EXERCISE:
The job is to output each record exactly as it stands, pictures excluded.

=== Begin Enclosure ===

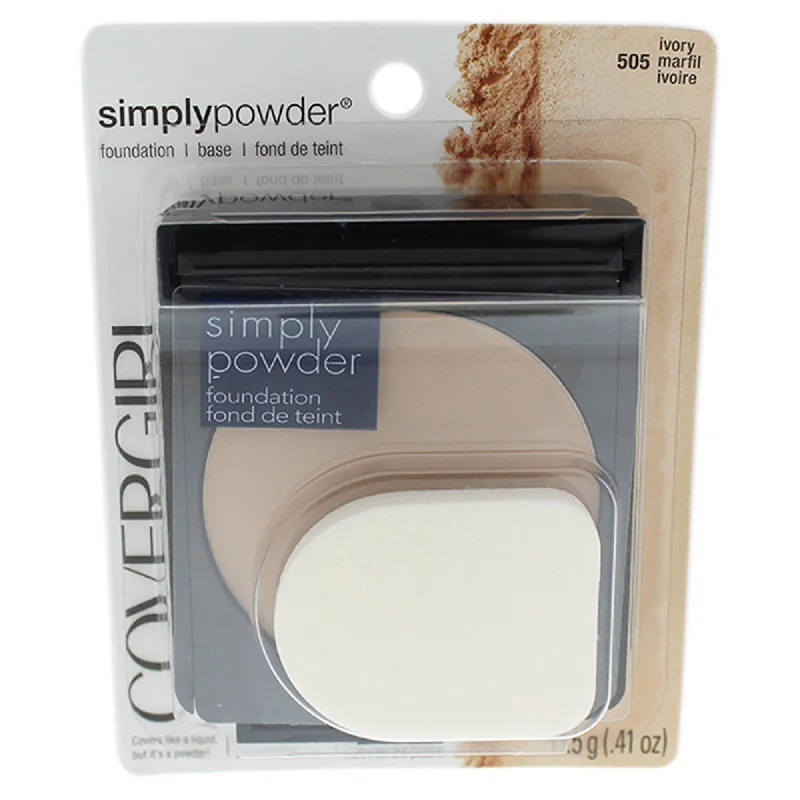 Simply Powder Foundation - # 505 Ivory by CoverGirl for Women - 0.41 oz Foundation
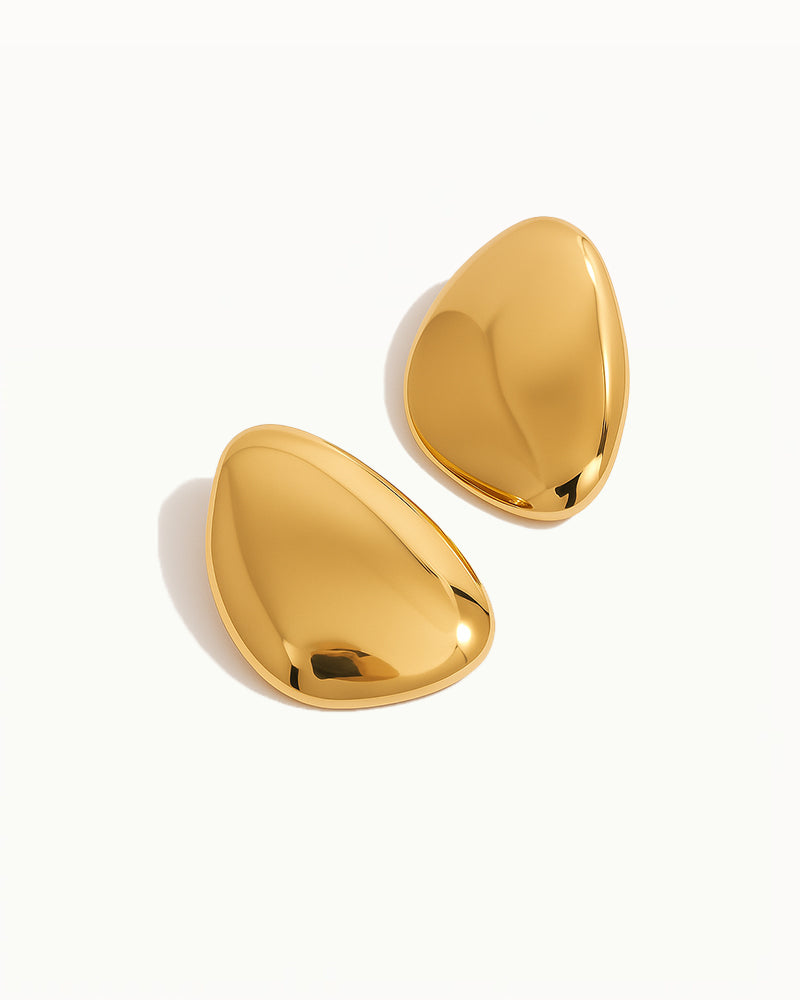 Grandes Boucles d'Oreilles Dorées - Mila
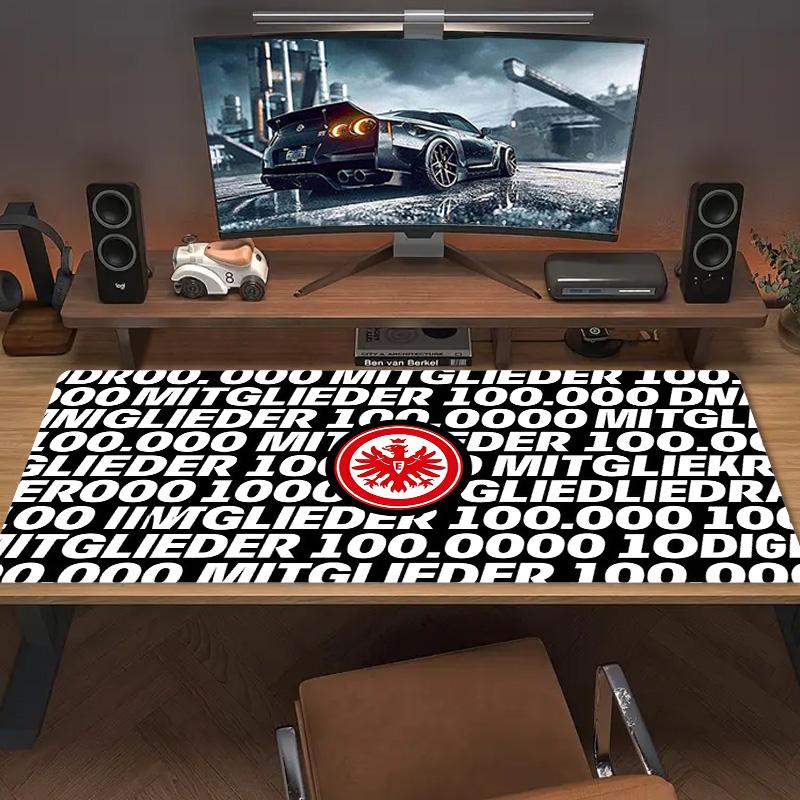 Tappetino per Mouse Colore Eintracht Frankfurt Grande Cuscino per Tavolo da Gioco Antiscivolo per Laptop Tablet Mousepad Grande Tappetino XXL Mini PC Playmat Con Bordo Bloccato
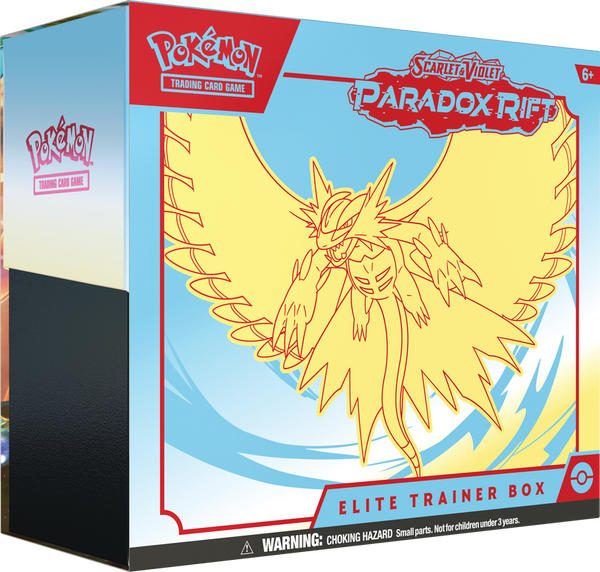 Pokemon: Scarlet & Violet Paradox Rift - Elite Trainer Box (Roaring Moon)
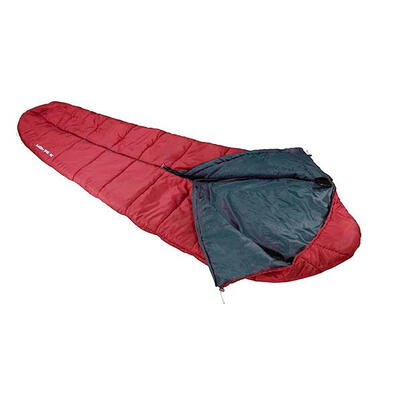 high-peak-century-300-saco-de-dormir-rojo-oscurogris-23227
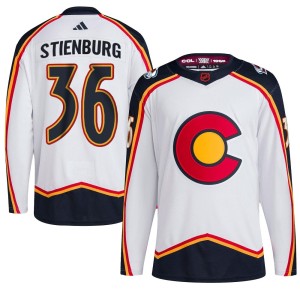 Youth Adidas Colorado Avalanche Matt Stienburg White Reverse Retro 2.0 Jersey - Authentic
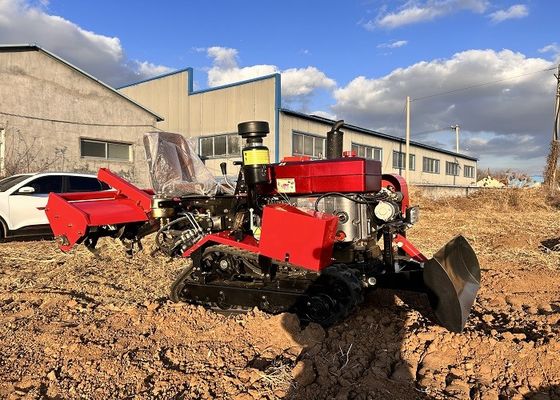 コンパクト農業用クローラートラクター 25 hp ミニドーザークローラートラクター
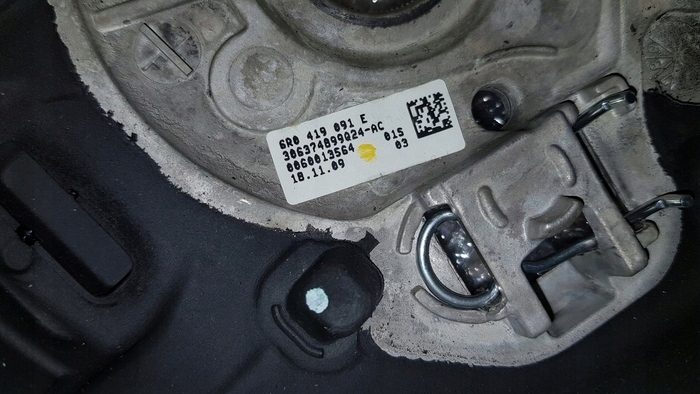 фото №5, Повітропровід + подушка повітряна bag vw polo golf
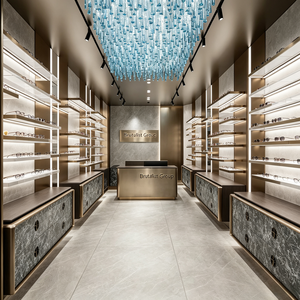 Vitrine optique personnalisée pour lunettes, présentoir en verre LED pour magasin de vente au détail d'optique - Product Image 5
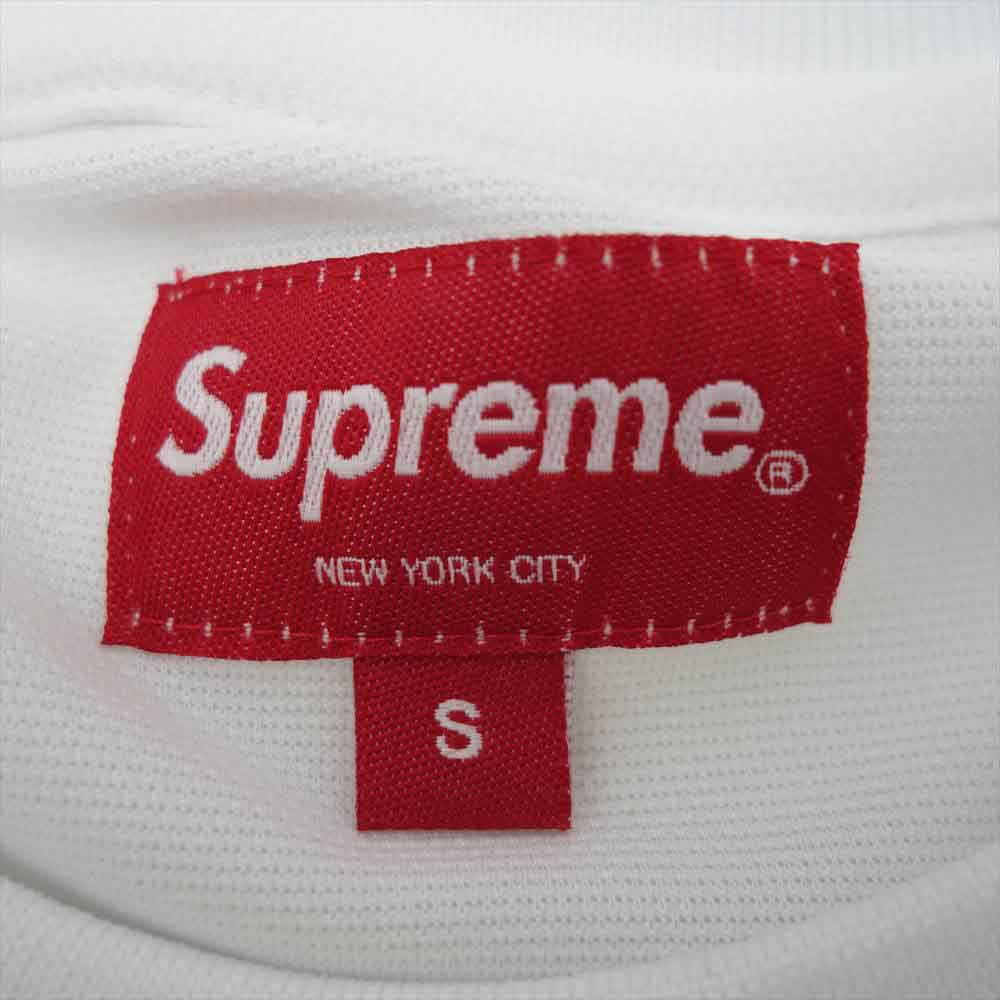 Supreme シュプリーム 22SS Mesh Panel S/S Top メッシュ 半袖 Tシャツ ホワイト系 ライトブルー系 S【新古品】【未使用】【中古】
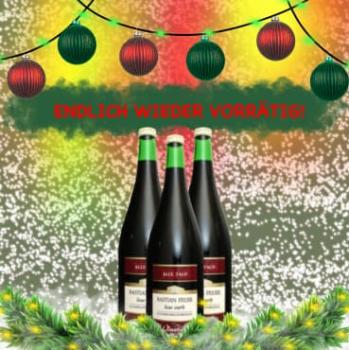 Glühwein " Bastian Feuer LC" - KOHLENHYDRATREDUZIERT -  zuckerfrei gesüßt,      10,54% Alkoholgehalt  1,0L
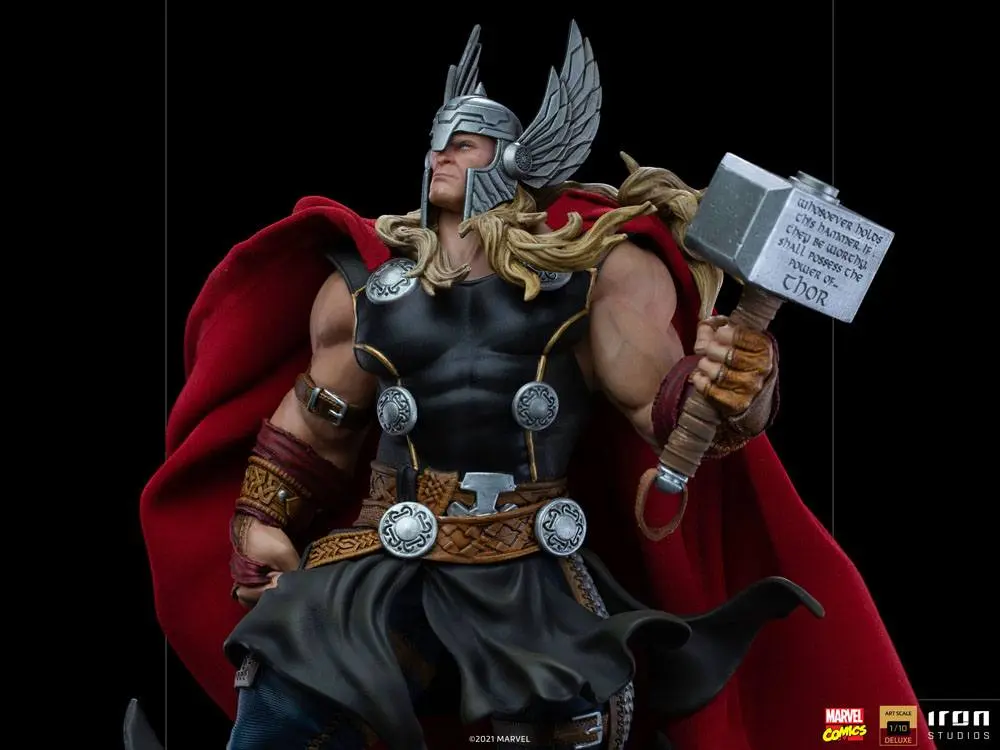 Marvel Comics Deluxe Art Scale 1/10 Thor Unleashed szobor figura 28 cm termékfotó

=== End Enclosure ===

SOLUTION FOR THIS TASK:
 Simply Powder Foundation - # 505 Ivory by CoverGirl for Women - 0.41 oz Foundation
 Grandes Boucles d'Oreilles Dorées - Mila
 Tappetino per Mouse Colore Eintracht Frankfurt Grande Cuscino per Tavolo da Gioco Antiscivolo per Laptop Tablet Mousepad Grande Tappetino XXL Mini PC Playmat Con Bordo Bloccato
 Pokemon: Scarlet & Violet Paradox Rift - Elite Trainer Box (Roaring Moon)
 high-peak-century-300-saco-de-dormir-rojo-oscurogris-23227
 Youth Adidas Colorado Avalanche Matt Stienburg White Reverse Retro 2.0 Jersey - Authentic
 コンパクト農業用クローラートラクター 25 hp ミニドーザークローラートラクター
 фото №5, Повітропровід + подушка повітряна bag vw polo golf
 Vitrine optique personnalisée pour lunettes, présentoir en verre LED pour magasin de vente au détail d'optique - Product Image 5
 Supreme シュプリーム 22SS Mesh Panel S/S Top メッシュ 半袖 Tシャツ ホワイト系 ライトブルー系 S【新古品】【未使用】【中古】
 Glühwein " Bastian Feuer LC" - KOHLENHYDRATREDUZIERT -  zuckerfrei gesüßt,      10,54% Alkoholgehalt  1,0L
 Marvel Comics Deluxe Art Scale 1/10 Thor Unleashed szobor figura 28 cm termékfotó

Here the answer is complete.